Innovation Through Learning: Streaming Analytics Takes Center Stage at Irori

Continuous Learning and Exploring Streaming Analytics

Introduction

We follow our passion for innovation by continuously exploring promising technologies. To achieve this exploration and learning, our competence group enables the team of Irori to spend one day each month working hands-on with new technologies. We call these days firestarters, a time for everyone at Irori to come together, have fun, learn something new and hopefully start a “fire” that will lead to innovation.

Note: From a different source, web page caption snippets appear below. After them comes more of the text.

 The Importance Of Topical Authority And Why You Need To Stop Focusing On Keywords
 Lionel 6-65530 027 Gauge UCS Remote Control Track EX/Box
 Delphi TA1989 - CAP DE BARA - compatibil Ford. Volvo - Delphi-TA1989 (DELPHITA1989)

Here is a short list of the different competence iterations that we have done since we started:

  • Real Time integration with Kafka
  • Platform and Infrastructure with focus on Kubernetes.
  • Security: blue team vs red team.
  • Streaming Analytics (current)

In May of 2023, we started our latest firestarter iteration, which is all about streaming analytics!

Current firestarter

The current firestarter encompasses the development and application of streaming analytics within a practice case scenario centered around Kafka and real-time data. The objective is to leverage new technologies to create a Proof of Concept for a real-time analytics platform. This includes delving into aspects such as pattern matching and aggregations in order to provide quick insights into the streaming data. 

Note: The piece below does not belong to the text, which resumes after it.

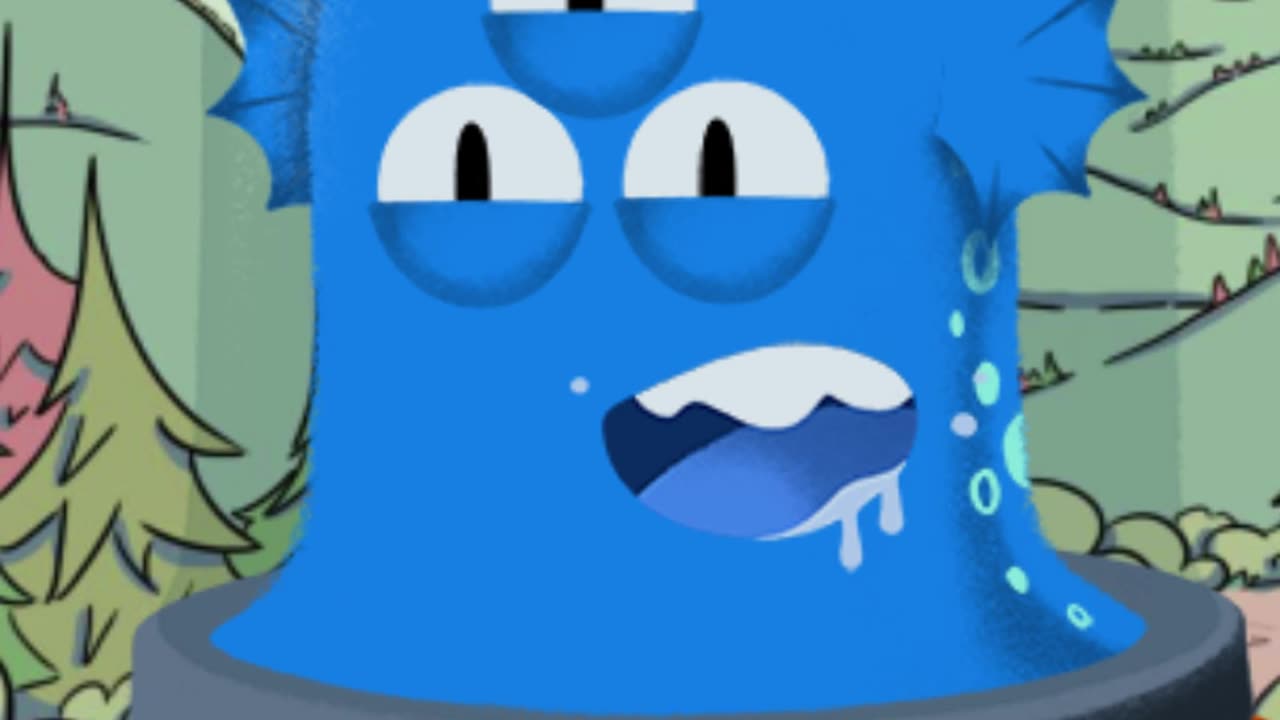 Frases-para-el-Día-de-la-Madre.mp4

All of Irori is divided into four teams, each with the same challenges given by the competence group, however, each team is responsible for designing and implementing the necessary infrastructure and applications to solve the tasks at hand. For example, the teams need to be able to identify patterns within the streaming data and effectively visualize these findings.

In addition to the specific firestarter challenges, recognition is also given for unique technical implementations and the performance of the solution. This arrangement encourages teams to either adopt cutting-edge technologies or to apply more established methods with an emphasis on optimizing performance. Through this approach, we aim to nurture a diverse range of solutions, each highlighting different strengths and innovations.

The teams and their approach

This firestarter involves analyzing streaming data from a social media platform that captures user interactions and activities. Examples of the challenges for this case are; identifying how users engage with one another, determining groups, and distinguishing potential bots among the users.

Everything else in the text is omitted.